Asian shares inched up on Tuesday in cautious trading ahead of a crucial US inflation report that could heavily influence the Federal Reserve's policy outlook, while the fragile yen flirted with one-year lows, putting it back in the intervention zone.

MSCI's broadest index of Asia-Pacific shares outside Japan was 0.49 per cent higher, while Tokyo's Nikkei gained 0.36 per cent. Australia's S&P/ASX 200 index was up 0.61 per cent.

The Japanese yen was at 151.71 per dollar in Asian hours, having touched a one-year low of 151.92 on Monday. If the battered currency breaks below last year's trough of 151.94, it would mark a fresh 33-year low.

Japanese Finance Minister Shunichi Suzuki said on Tuesday that the government would take all possible steps necessary to respond to currency moves, repeating his usual mantra that excessive swings were undesirable.

The US inflation report, due later in the day, had investors' attention on Tuesday, especially after Federal Reserve Chair Jerome Powell and policymakers said they are still not sure that interest rates are high enough to tame inflation.

Economists polled by Reuters expect headline US consumer price inflation slowed to 3.3 per cent in October from 3.7 per cent in September, with the so-called core inflation rate that strips out volatile components unchanged.

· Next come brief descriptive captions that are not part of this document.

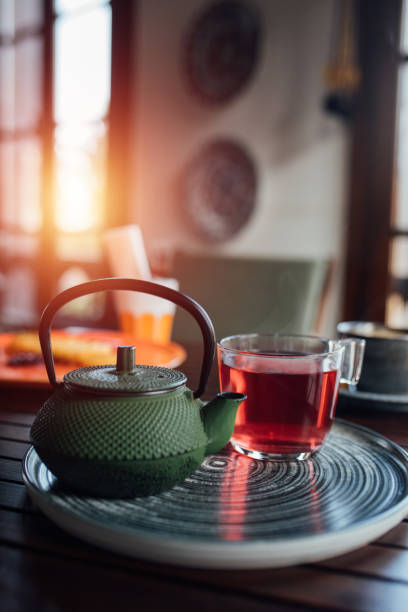 istock Iron teapot and a cup of herbal tea on table 1459436036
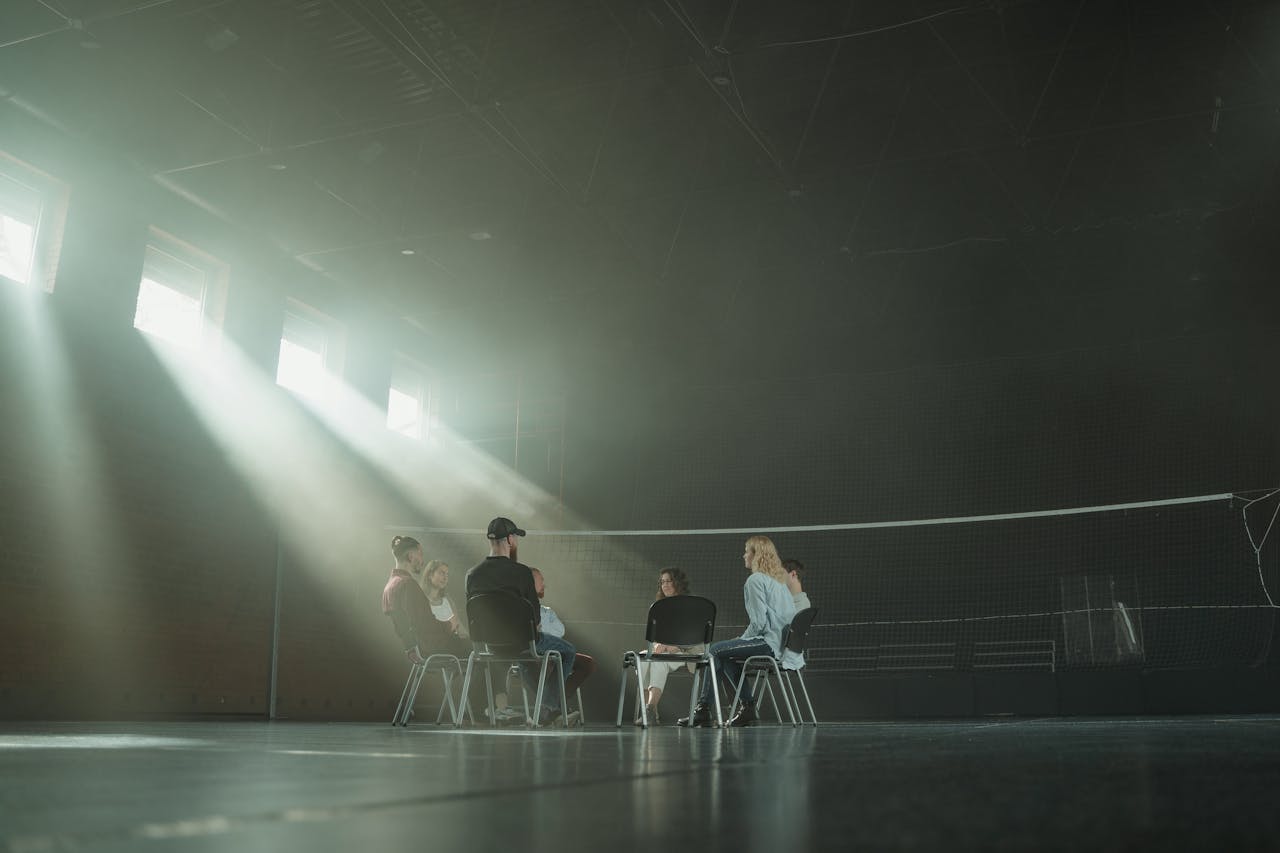 gallery-2 A small group of people participating in a support session, illuminated by sunrays in a spacious hall.
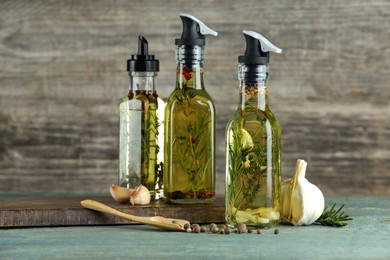 Photo of Cooking oil with different spices and herbs in bottles on wooden table
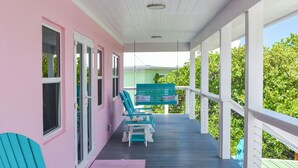 Une véranda couverte avec des fauteuils Adirondack de couleur turquoise et un bâtiment rose.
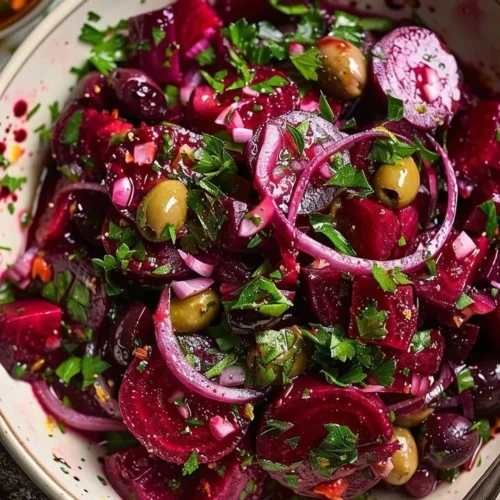Mediterranean Beetroot Olive Citrus Salad in a bowl with colorful ingredients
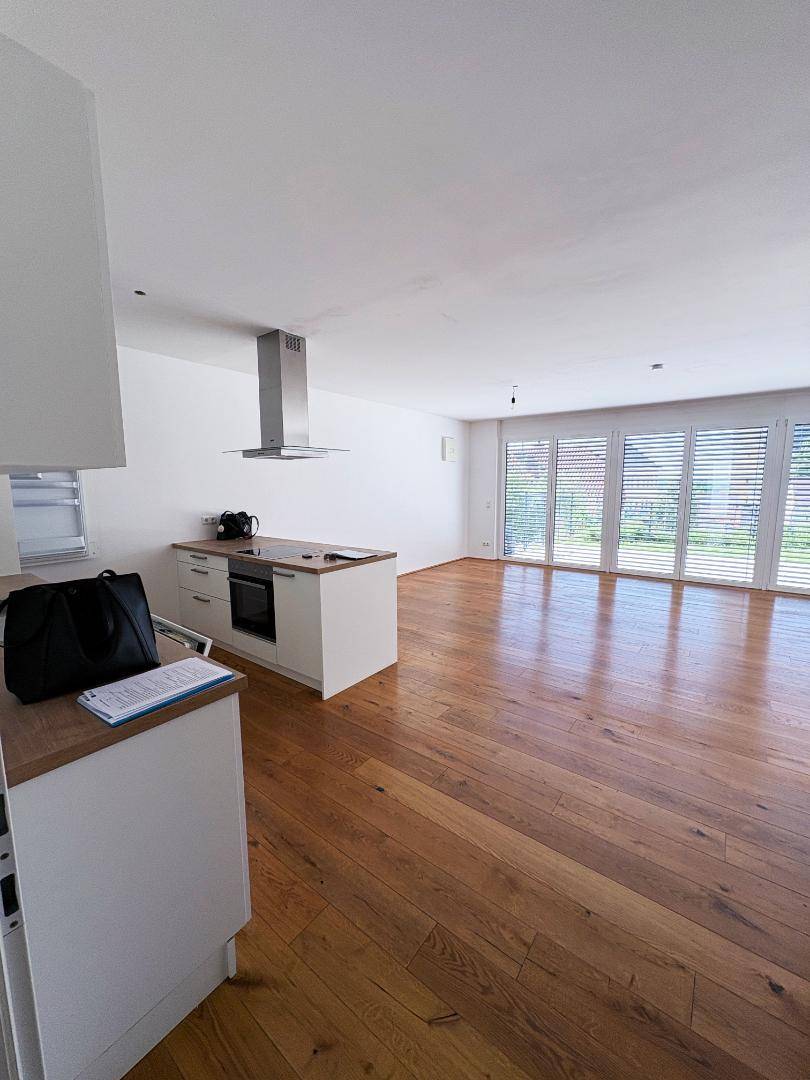 Heller Wohnbereich mit Holzboden, offener Küche und großen Fenstern mit Rollläden.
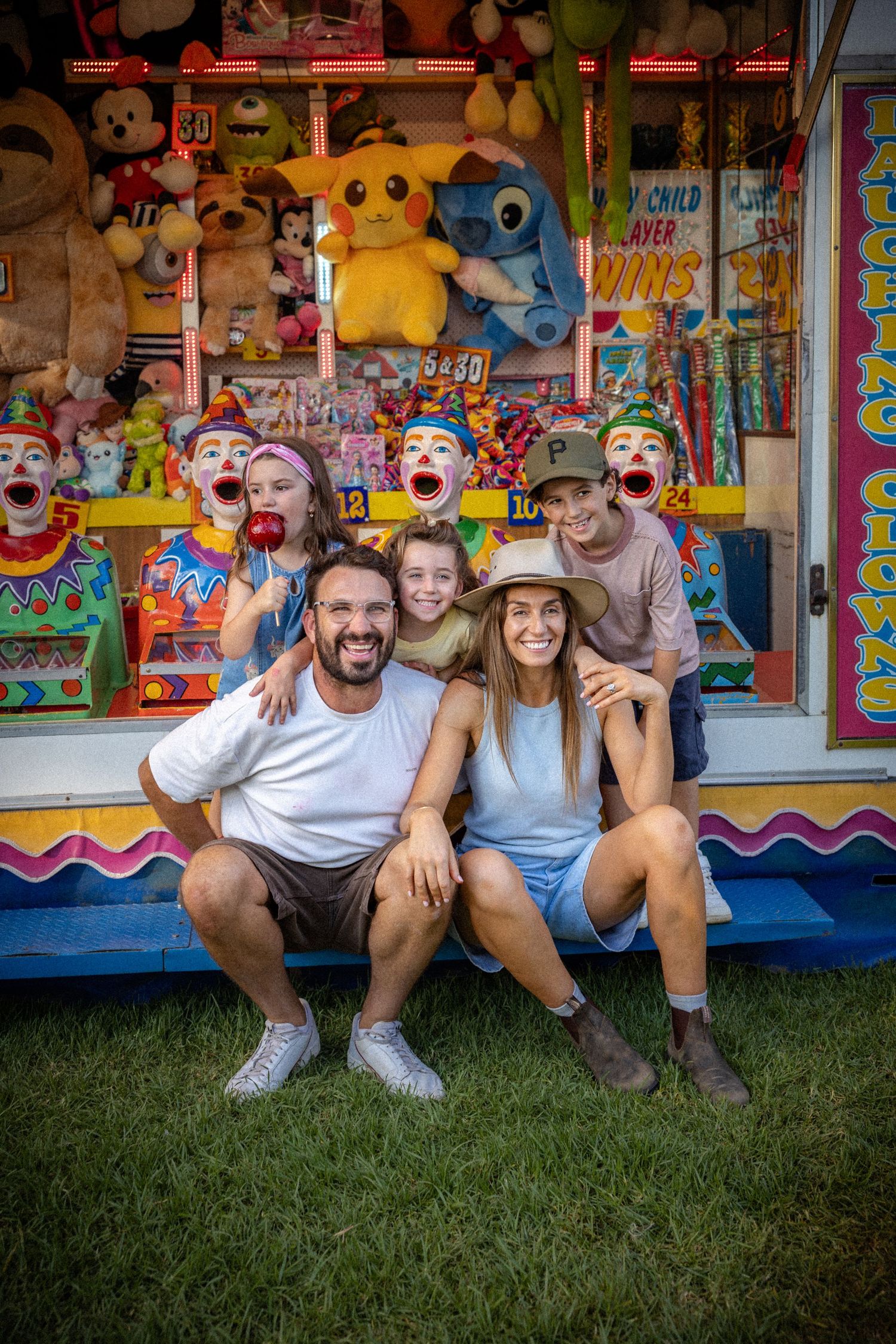 Happy family of five posing in front of colorful carnival clown game booth.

"This data holds significant sway over the Federal Reserve's future policy direction," said Anderson Alves, a trader with ActivTrades.

"A miss, especially in the less volatile core inflation component, might lead traders to believe the Fed could refrain from further hikes. Conversely, a beat could prompt a noticeable repricing on the short-term US interest curve."

China shares were higher, with the blue-chip CSI 300 Index gaining 0.40 per cent, while Hong Kong's Hang Seng Index up 0.57 per cent, ahead of a summit between the top leaders from the world's two largest economies later this week.

Benchmark 10-year Treasury yields were up 2.2 basis points at 4.654 per cent, easing a touch from Monday's one-week peak of 4.696 per cent.

Moody's cut its US AAA credit rating outlook to "negative" from "stable" on Friday, citing large fiscal deficits and a decline in debt affordability. Moody's decision comes after rival Fitch downgraded the US's top credit rating in August.

Gary Dugan, CIO at Dalma Capital, said the move underscores the significant structural challenges facing the US economy, characterised by unsustainable levels of debt and fiscal leniency.

"With the presidential election just a year away, it's unlikely that the government will announce significant proposals to address these issues, given the unpopularity of promising spending cuts and tax increases," Dugan said.

The US faces another partial government shutdown beginning Saturday if Congress does not pass a stopgap spending bill.


The yen's broad decline has traders back to keeping an eye on whether the Japanese authorities will intervene. The currency is down about 14% against the dollar so far this year.

The yen had jumped briefly against the dollar in New York hours on Monday after striking the year-to-date low, which analysts attributed to a flurry of trading in options that come due this week.

Nicholas Chia, macro strategist at Standard Chartered, said the swings in yen suggests markets are nervous over intervention risks, which also does the job for the authorities to an extent by curbing excessive speculation.

Japan last intervened in the currency market - selling dollars and buying yen - in October last year. Intervention data released last month showed the authorities have steered clear of further such action since then.

The dollar index, which measures the U.S. currency against six rivals, was up 0.057% at 105.69. The index is down 1% in November, on course to snap its three-month winning streak.

Oil prices was slightly higher after an OPEC report said market fundamentals remained strong. U.S. crude rose 0.26% to $78.46 per barrel and Brent flat on the day.